Pflegende Angehörige sind der wichtigste Träger der häuslichen Versorgung in Deutschland. Mehr als 80 % der Pflegebedürftigen werden zu Hause von Angehörigen, Nachbarn, Freunden oder Ehrenamtlichen versorgt, oft ohne Unterstützung von professionellen Pflegediensten. In den nächsten 10 bis 15 Jahren wird der Pflegebedarf absehbar massiv steigen, wenn die vielen Akteure nicht präventiv und unterstützend tätig werden. Neben der konkreten Unterstützung vor Ort werden wir das Pflegegeld frühzeitiger erhöhen müssen, damit eine spürbare Entlastung bei den Menschen eintritt.

 

Pflegereform nur vollständig bei ganzheitlicher und nachhaltiger Betrachtung

Bei der jetzigen Pflegereform geht es vor allem um die Pflegeversicherung.

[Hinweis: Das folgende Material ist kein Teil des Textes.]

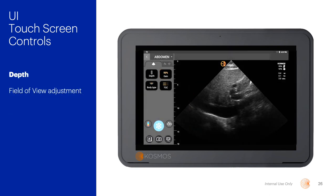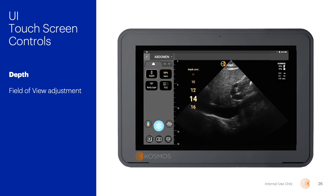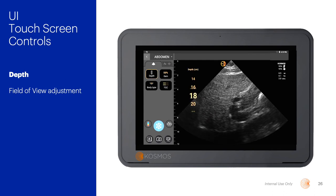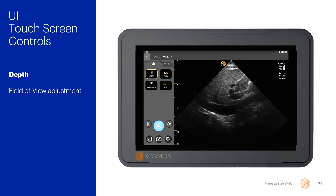Another control in the user interface is called depth. This is our field of view — how much we can see into the patient from the top of the screen to the bottom — and it is measured in centimeters. Be sure to maximize the field of view with the area of interest displayed in approximately the middle third of the viewing display, while also being careful not to omit deeper structures because we have the control set too shallow.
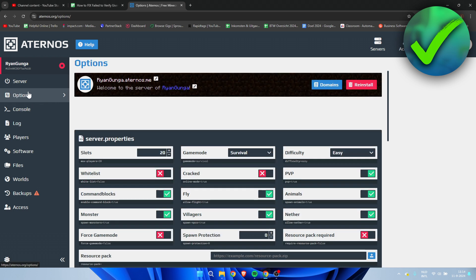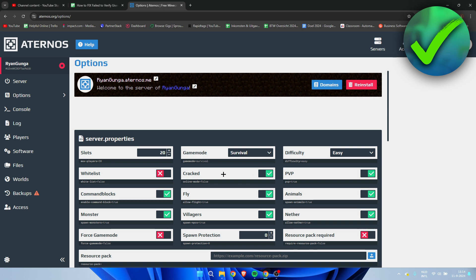Once we're here in the settings or options, we need to go to this over here. Now this is going to be method number one. You need to be able to allow cracked. So now you have allowed cracked players to also join your server and that should be able to fix it for yourself or other people. So that is method number one.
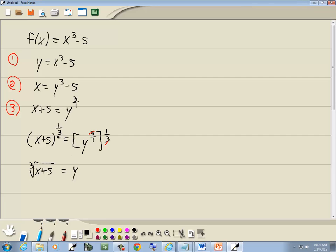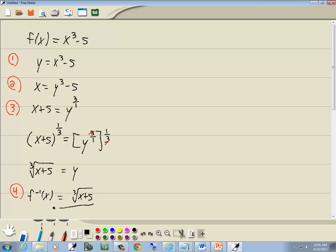Whatever number is in your denominator, this three is what goes in your slot here. That's your index. Step four, put your inverse notation in. So the inverse of f is equal to the cube root of x plus five. Now, this is already one to one, so we don't need to worry about doing anything extra. That's our answer.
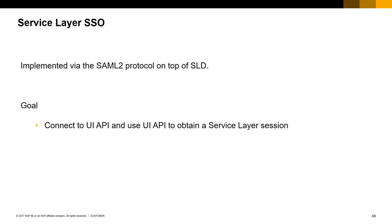The web page can then get and set data to the SAP Business One company database with the Service Layer session provided by the UI API, using the same username and company database that the user is logged in to in the B1 client.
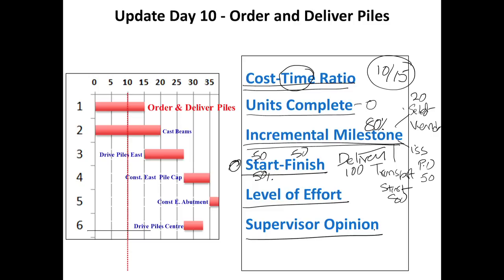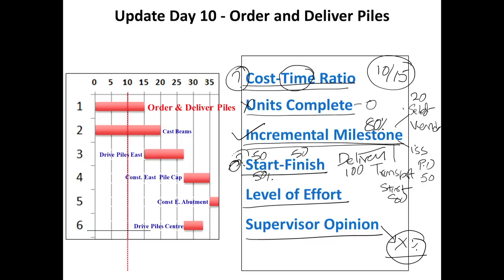Supervisor opinion can certainly apply to any of the activities. In this case you can ask the experienced supervisor what is the status of the pile order and delivery, and he or she can say it is X percent — for example, because I got assurance from the supplier that it will be here within a day or two. So if we look at this particular activity, units complete cannot give us a good answer; cost-time ratio also does not give a good answer. Incremental milestone is yes; start-finish might work; level of effort is too detailed for this activity. I would choose incremental milestone as the most appropriate way of finding percentage complete here.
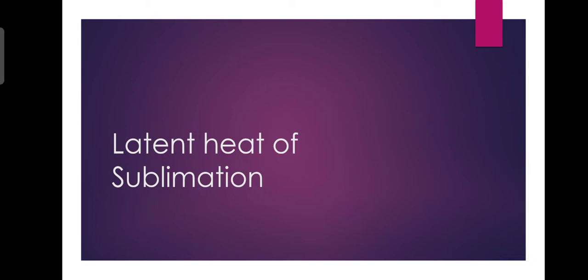The heat of sublimation meaning is how much heat is needed to convert a unit into its gaseous state.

Die versprochene Reform für gute Pflege ist aber nur vollständig, wenn Pflege ganzheitlich und nachhaltig betrachtet wird. Wesentlich dafür sind massive Aufwertung der Pflegeberufe und gute Arbeitsbedingungen. Nur so schaffen wir es, Menschen, die in der Pflege (gerne) arbeiten möchten, tatsächlich auch für den Beruf zu gewinnen. Angewiesen sind wir dabei aber sowohl auf vermehrte und attraktivere Ausbildung als auch auf die Zuwanderung von Fachkräften. Diese müssen wir erheblich erleichtern, denn wir stehen auch im Pflegebereich im weltweiten Wettbewerb um die klügsten Köpfe. Auch die Einwanderung in Ausbildung und den Spracherwerb sollten wir stärker vorantreiben.

Alle Verbesserungen im Pflegesystem verbessern den Alltag der Gepflegten. Es gibt zusätzlich aber auch digitale Innovationen, die ihre Selbständigkeit unterstützen können. Mehr Selbstbestimmung sowohl der Pflegebedürftigen als auch der professionellen Pflege kann die Versorgung zu Hause, im Stadtteil oder im Heim wesentlich verbessern. Noch können wir einen massiven Pflegenotstand verhindern! Unsere gesamte Gesellschaft muss sich auf den Weg machen, den demografischen Wandel nicht länger zu ignorieren. Menschlichkeit durch Solidarität ist dabei das Leitbild.